The Denver Police Department, a slew of community departments and nearby business owners gathered near South Federal Boulevard and West Alameda Avenue on Friday to send a message about community collaboration. The intersection is one of the city's "crime hot spots" -- groups of blocks with violent crime rates much higher than average.
These areas comprise less than 2 percent of Denver, but nearly half of 2020's shootings happened within their bounds, as well as over a quarter of the city's aggravated assaults and homicides. These locations fall within Denver's "inverted L," or areas with high minority populations, higher crime and higher poverty -- in short, places the city has historically neglected.
The hot spot on Alameda and Federal fits that bill. The Westwood neighborhood is 80 percent Hispanic, with large immigrant and Asian populations. Other hot spots are at the intersection of Colfax Avenue and Broadway, East Colfax Avenue and North Yosemite Street, East 47th Avenue and North Peoria Street, as well as Martin Luther King Jr. Boulevard and North Holly Street.

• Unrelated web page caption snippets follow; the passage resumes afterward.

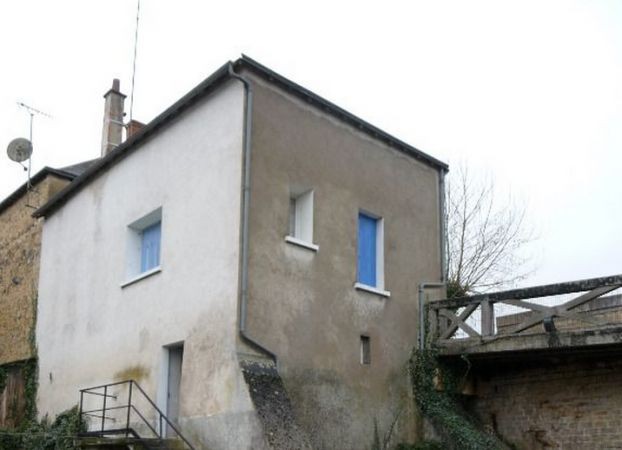 Village House, Garden, River View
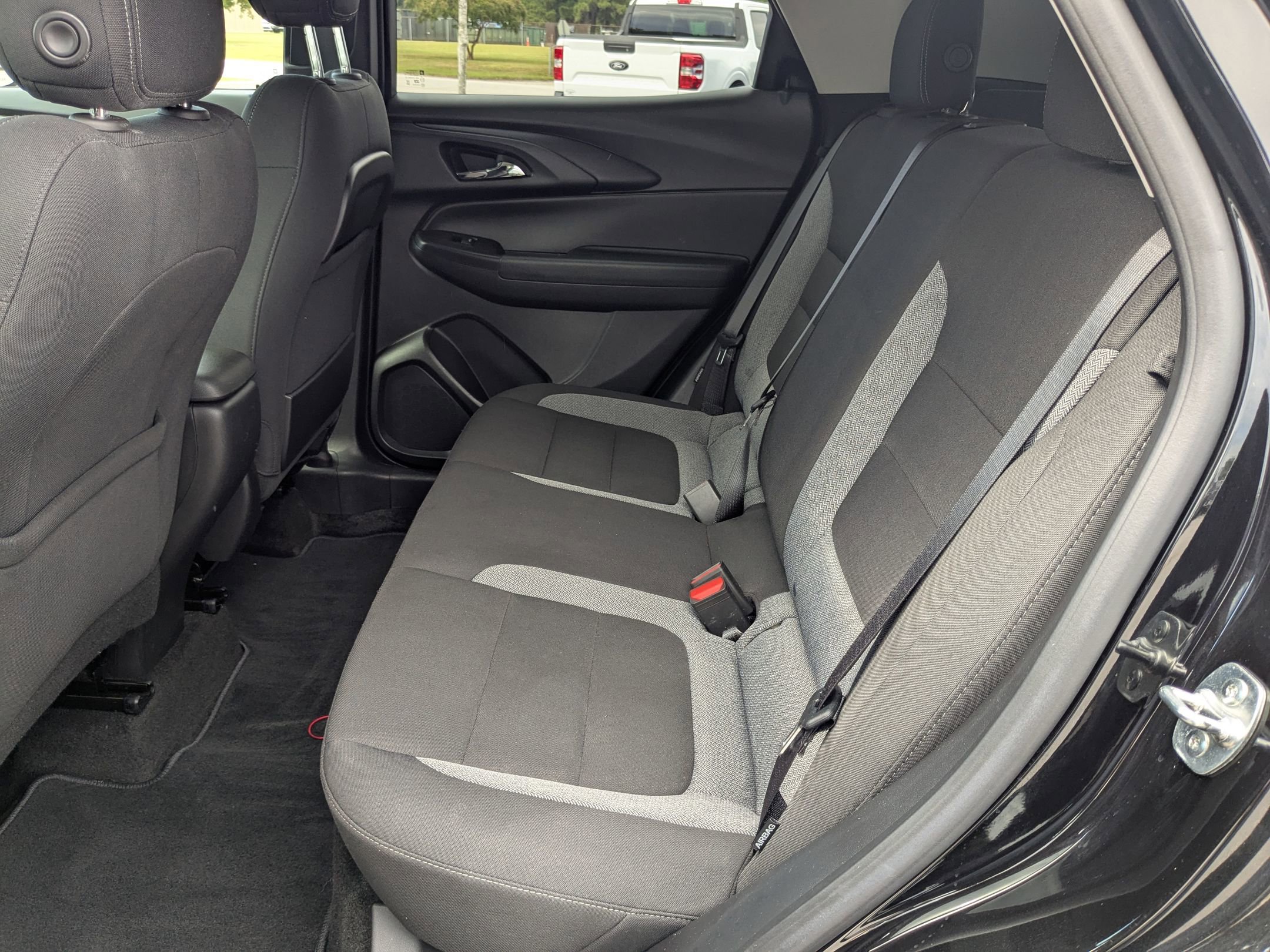 2024 Chevrolet Trailblazer LS photo 28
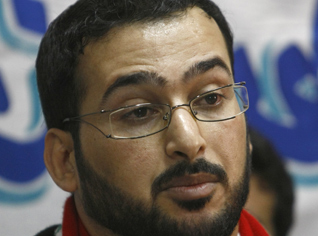 The Iraqi shoe- throwerâ€™s brother addresses a message to the Algerian football squad â€œBe merciless with the US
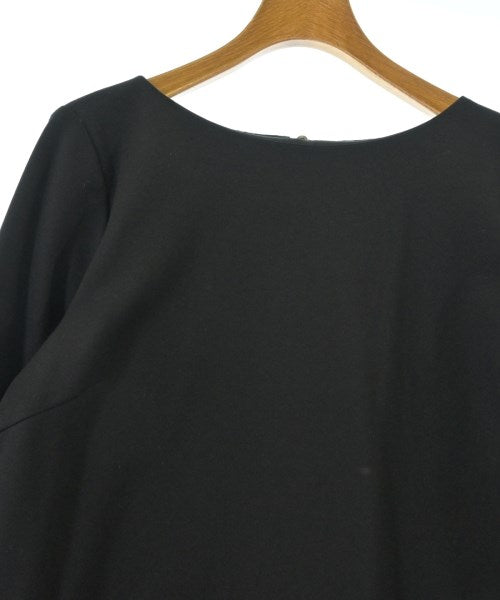 M･Fil เสื้อยืด/เสื้อท็อปส์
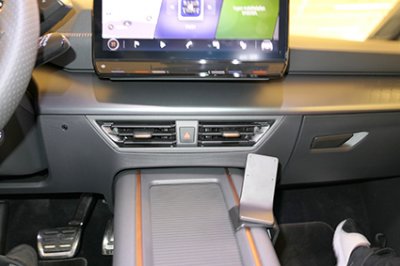 Mobilhållare till Cupra Born från 2022-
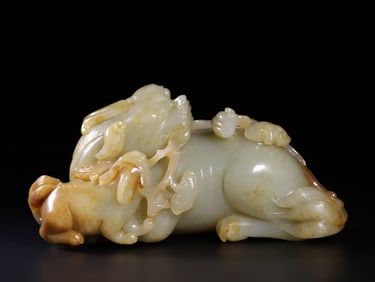 A beautiful Hetian jade seed material mother and child auspicious beast ornament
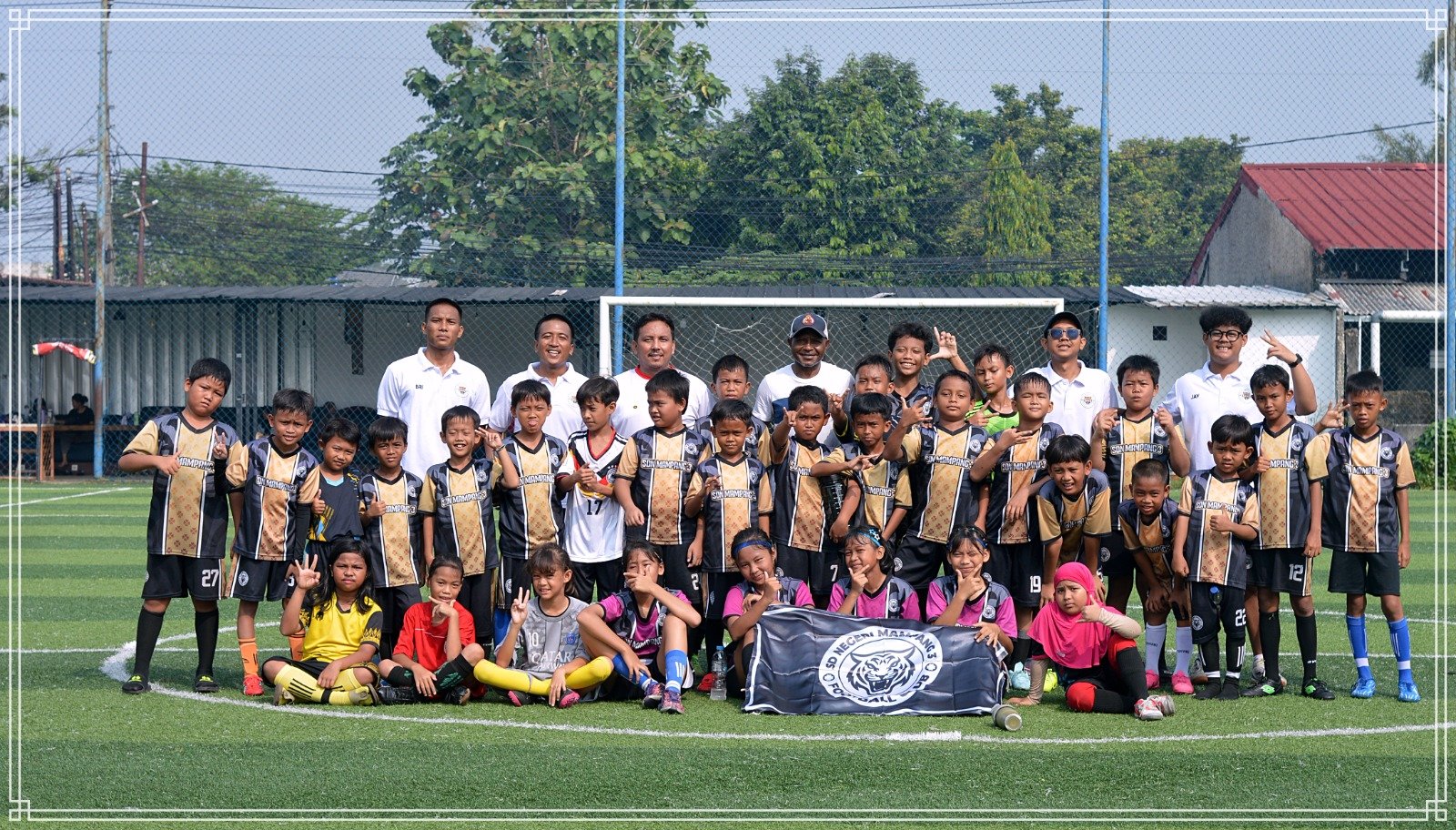 Mantan pemain Timnas Indonesia, Alexander Pulalo, bersama eks pemain futsal profesional Iskandar berikan pelatihan sekaligus motivasi kepada puluhan siswa binaan SSB Mampang FC yang tengah meniti mimpi menjadi pesepak bola profesional. (Foto: ist).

DPD Chief Paul Pazen described the nameless program, which launched in May, in glowing terms. He said community services and local businesses would band together to help would-be offenders find support, rather than having crime replace crime.

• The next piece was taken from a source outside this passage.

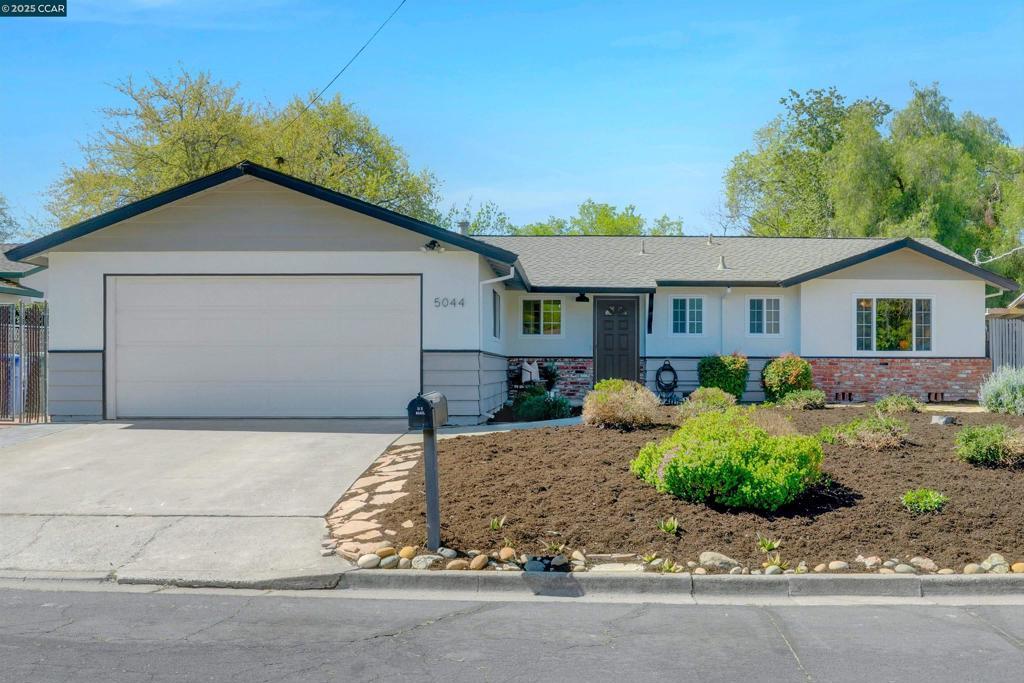 Photo of Listing #41091063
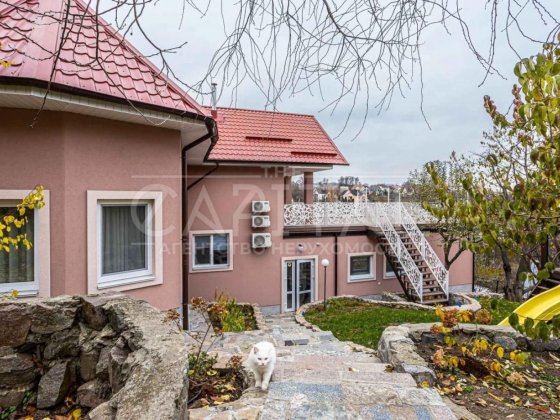 Аренда дома, солнечние панели, подвал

For instance, DPD theorized that arresting someone for selling substances would simply leave a void for another person to sell. But a spokesman could not clearly say what the program and community groups would do to prevent such a scenario.
In fact, the only concrete promises the program offers are more high-visibility patrols. That means more cops in the neighborhood during times crime has statistically been high.

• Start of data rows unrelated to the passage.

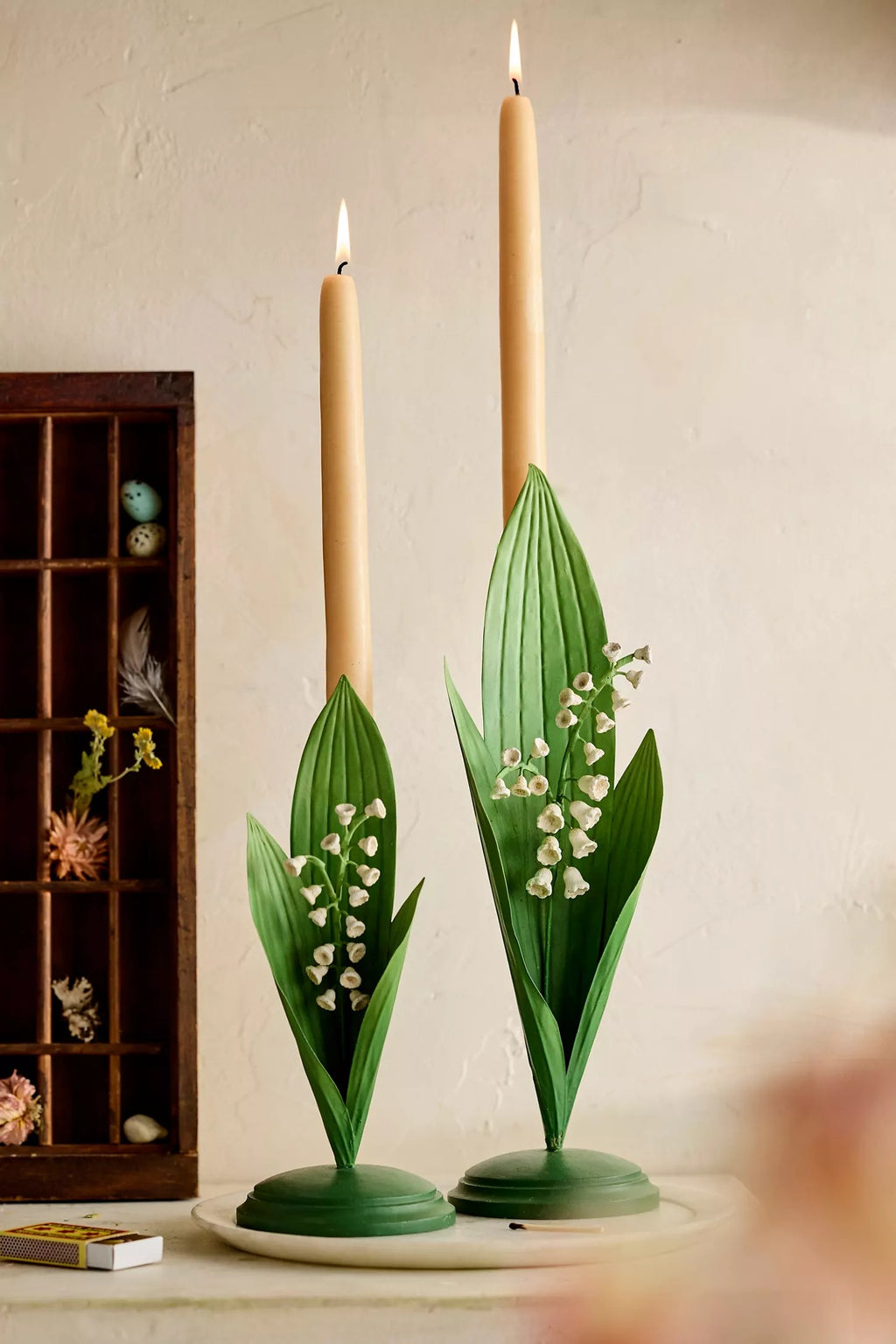 Set of 2 Lily of the Valley Candles Holder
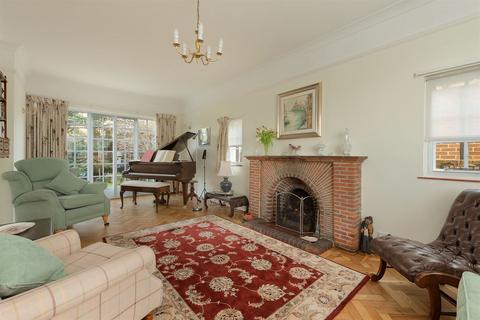 5 bedroom detached house for sale - Ashford Road, Faversham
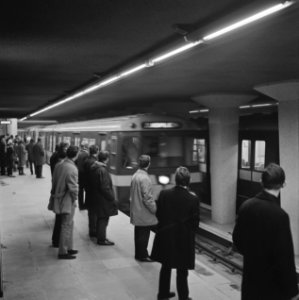 Gratis in metro in Rotterdam. Drukte op het Beursstation. Oefening bij de kaartj, Bestanddeelnr 920-9630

Pearl Lopez is intimately involved in the area's crime reduction efforts. She manages the federal grant DPD was awarded two years ago specifically to tackle crime in the Westwood neighborhood, where the Alameda and Federal hot spot is. The grant lists affiliations with programs like the Boys and Girls Club and Mi Casa.
"Yes, we want to do intervention, but even before that, we really want to do prevention," Lopez said. We are trying to "mitigate the factors before they turn into crime."
She said this should include a big focus on the area's low high school graduation rates, since Westwood's neighborhood demographics are some of Denver's youngest.
The new DPD program doesn't list its affiliations, and when we asked for a list of community partners, answers were once again vague. A spokesperson talked about dismantling crime networks with more precise policing. There are also efforts to secure a grant identical to the one in Westwood to address a hot spot on 47th Avenue and Peoria Street in the Northeast neighborhood.
Lisa Champion, a senior librarian at the Westwood branch of Denver libraries, passed out pamphlets at the event on Friday to help connect young people with support services.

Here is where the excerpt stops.